Shown below are entries with pictures; the line with "Gravy, chicken, dry (1 serving)" through the line with "Paint Storage Containers" is the span to retype exactly, and the pictures stay out.

> _SOURCE MATERIAL_:
%%

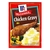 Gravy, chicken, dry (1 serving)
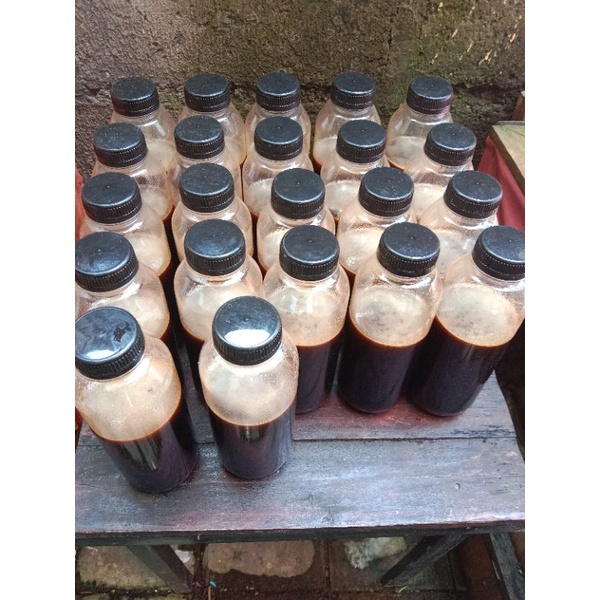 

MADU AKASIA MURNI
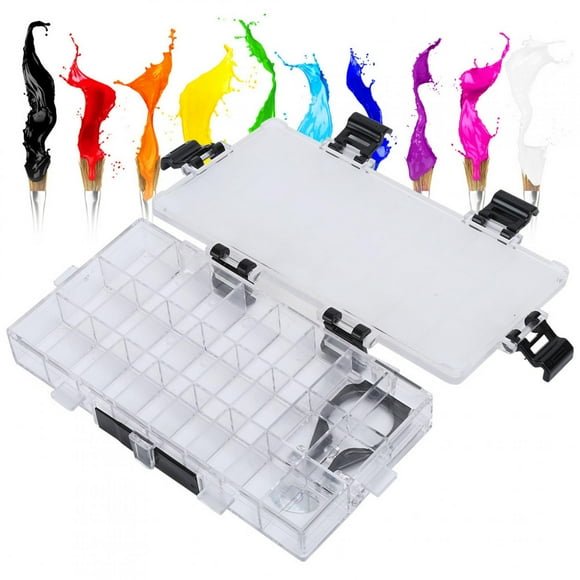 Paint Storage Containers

%%
%%

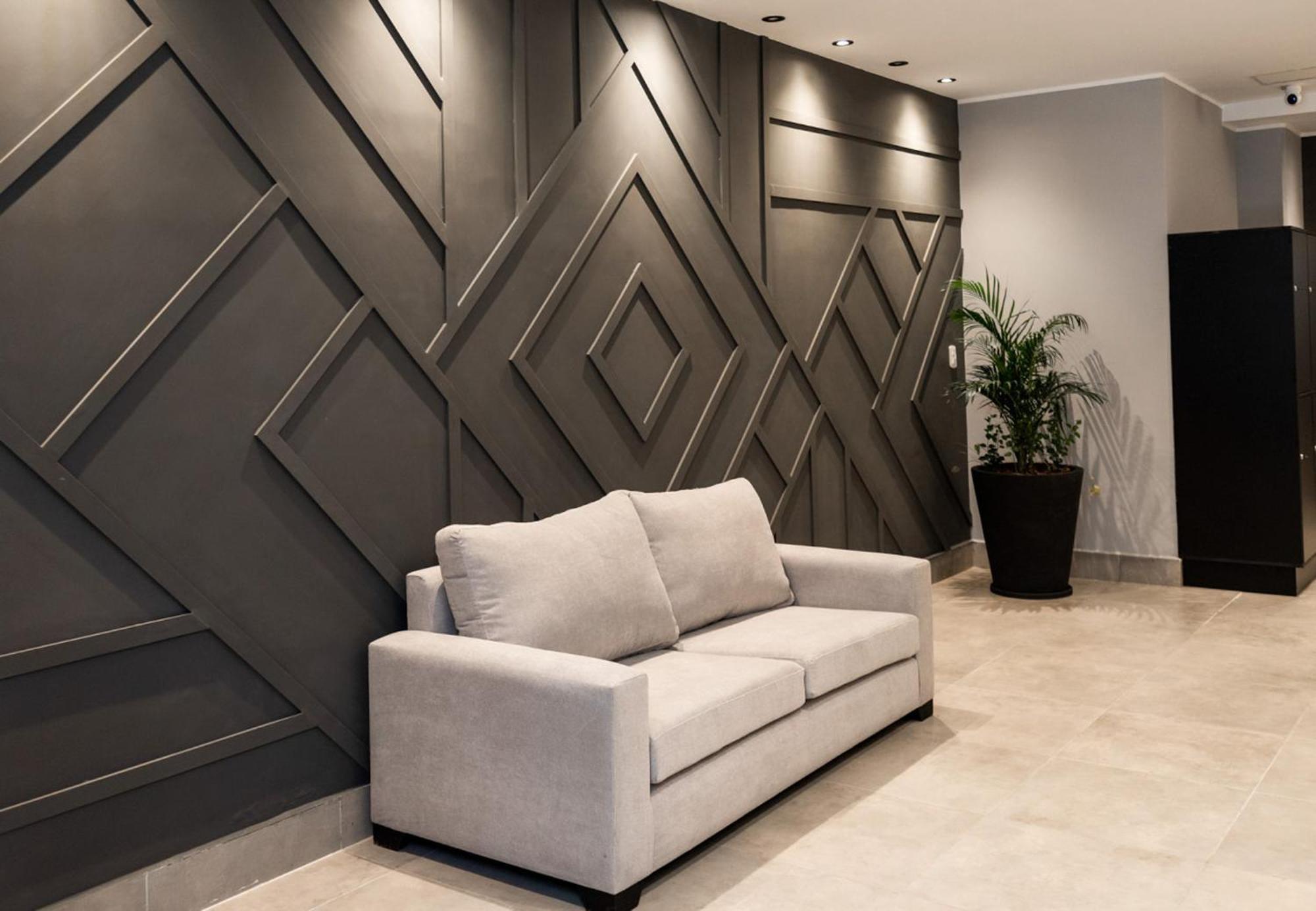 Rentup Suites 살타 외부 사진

%%

> _ANSWER TO THIS TASK_:
 Gravy, chicken, dry (1 serving)

MADU AKASIA MURNI
 Paint Storage Containers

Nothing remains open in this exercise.